TASK BRIEF
Could you copy the data that follows exactly as written, but drop the pictures?

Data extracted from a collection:
..........
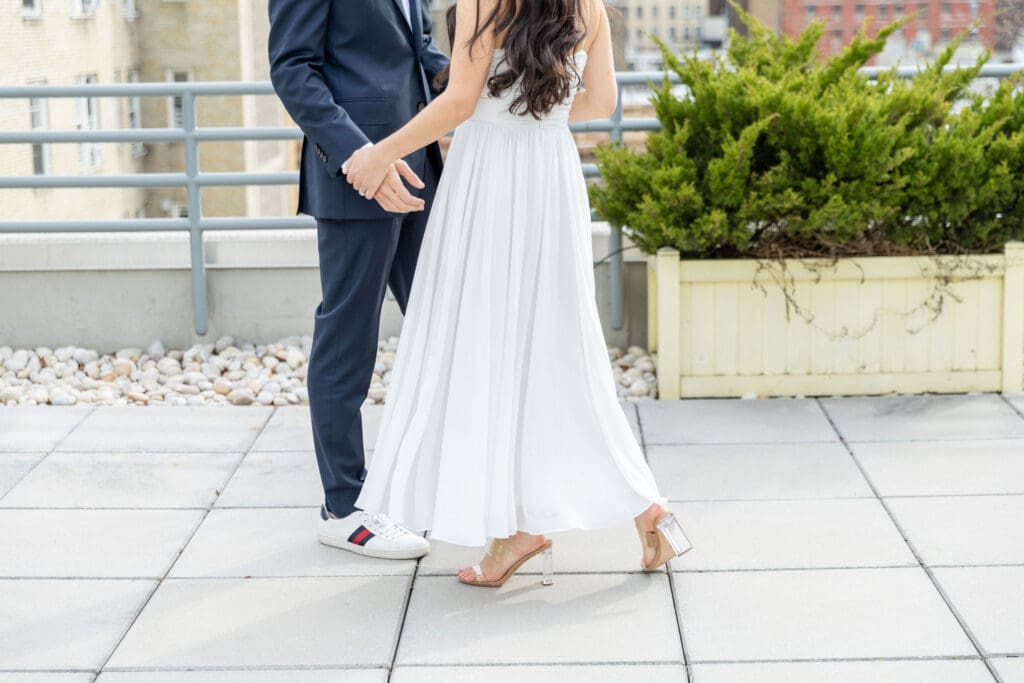 Engaged couple dance on their rooftop on the Upper West Side.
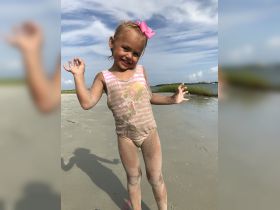 A joyful child plays on the beach, covered in sand and smiling brightly — a perfect moment capturing the fun of a day by the water.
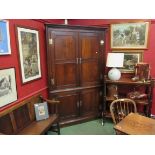 A Georgian oak four door corner cupboard with shaped shelf interior to top,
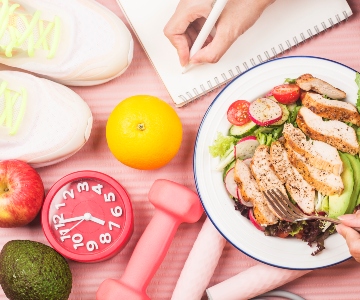 Healthy concept to portray resetting your routines with nutrition food in lunch box and fitness equipment with woman writing time to get healthy on diary book.
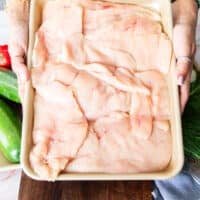 chicken prepared by cutting thinly into two and pounded if needed.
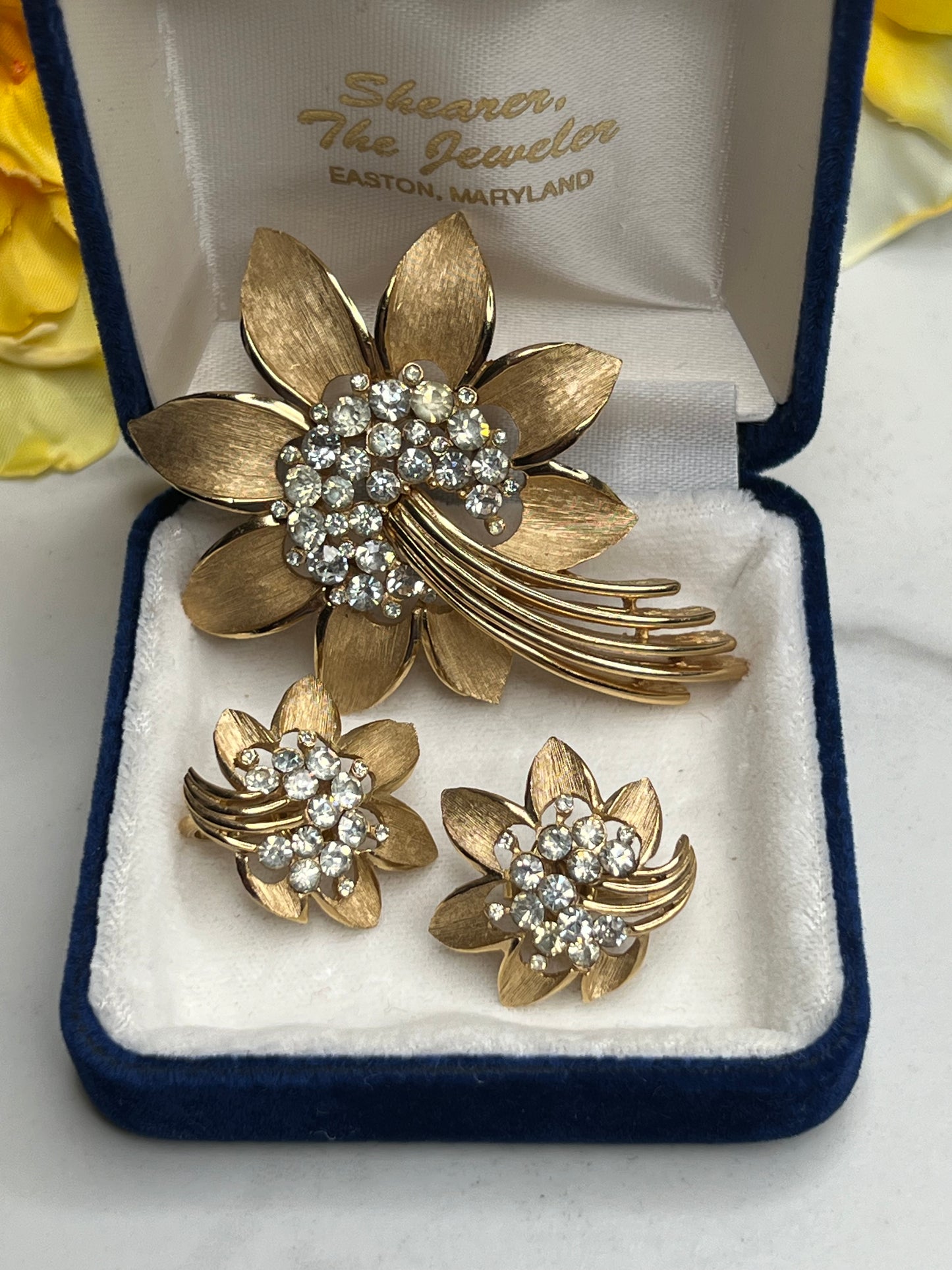 Signed Trifari Gold Rhinestone Starburst Flower Brooch and Clip on Earrings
..........
RESPONSE TO THE TASK
 Engaged couple dance on their rooftop on the Upper West Side.
 A joyful child plays on the beach, covered in sand and smiling brightly — a perfect moment capturing the fun of a day by the water.
 A Georgian oak four door corner cupboard with shaped shelf interior to top,
 Healthy concept to portray resetting your routines with nutrition food in lunch box and fitness equipment with woman writing time to get healthy on diary book.
 chicken prepared by cutting thinly into two and pounded if needed.
 Signed Trifari Gold Rhinestone Starburst Flower Brooch and Clip on Earrings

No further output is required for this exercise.